An API is a contract, not a piece of code
Why the interface between systems matters more than the implementation behind it, and what that means for how you manage integrations.
When a technical team tells a business owner "we need to design the API for this", the usual reaction is a nod and a mental note to let the engineers handle it. The word itself sounds deeply technical. But the decisions made at that stage often determine whether integrations hold up for three years or require expensive rewrites every six months.
An API is not a piece of code. It is a contract between two systems - or two teams - about what data passes between them, in what shape, and under what rules. Like any contract, it is much harder to change after both sides have started relying on it.
What an API contract actually covers
A well-specified API describes three things: the shape of requests (what you can send), the shape of responses (what you will get back), and the rules around errors (what happens when something goes wrong). That last part is usually the least thought-through, and the most expensive to ignore.
When teams treat the API as implementation detail rather than contract, they tend to build tight coupling by accident. One service starts relying on a field that was never formally part of the agreement, another team renames that field, and integrations begin failing in ways that are hard to trace. The same discipline that makes external APIs stable is the reason internal integrations should be structured from the start as managed contracts, not informal connections between teams.
Why versioning is a business decision
API versioning - keeping v1, v2, v3 routes - is often treated as a developer housekeeping task. In practice it is a compatibility promise: "we will not break your integration without warning." That promise has a cost, because maintaining old versions alongside new ones takes time, but breaking it also has a cost in failed integrations and scrambled partners.

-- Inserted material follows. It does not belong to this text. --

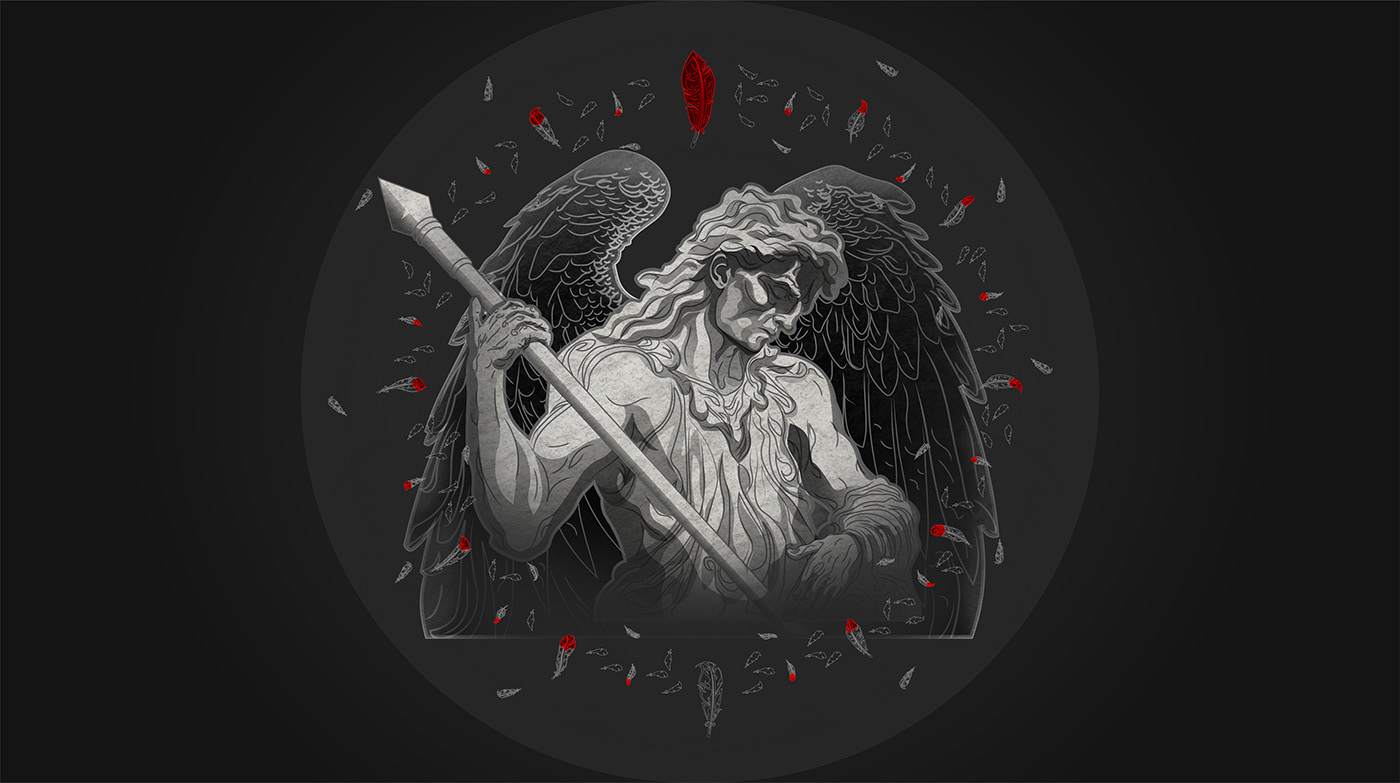 angels Demons blood murder horror music artwork Digital Art  Character design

The decision about how long to support old API versions, and under what conditions to retire them, belongs to whoever owns the partner relationships, not just to the engineering team. I have seen companies lose integrations because engineers deprecated a route on a timeline nobody had communicated to the business side.
Internal APIs matter as much as external ones
Most of the conversation about API design focuses on external APIs - things exposed to third-party developers or partners. But internal APIs, the interfaces between your own services and systems, carry the same risks.
When a billing service and an ordering service communicate through an informal internal interface that nobody documented as a contract, you end up with the same fragility as with a poorly designed external API. Changes propagate in unexpected directions. Someone modifies the billing service and does not realise that three other systems depend on a specific field format.
The sign that API design went wrong
The clearest sign is when a change to one system requires simultaneous changes in five other places just to keep things running. That pattern - coordinated deploys, "you cannot release this until the other team releases that" - usually means the contract between systems was never cleanly drawn.
It does not require a major re-architecture to fix. It requires treating the interface as the primary design artifact, rather than an afterthought to the implementation.
A practical starting point
When starting any new integration - whether between your own services or with a partner - I find it useful to write down the contract first in plain language before any code is written: what does the sending side promise to send, what does the receiving side promise to handle, and what do both sides agree to do when the data does not arrive as expected.
That document, even if it is just a page, forces the important conversations early and saves time that would otherwise be spent debugging mysterious failures later.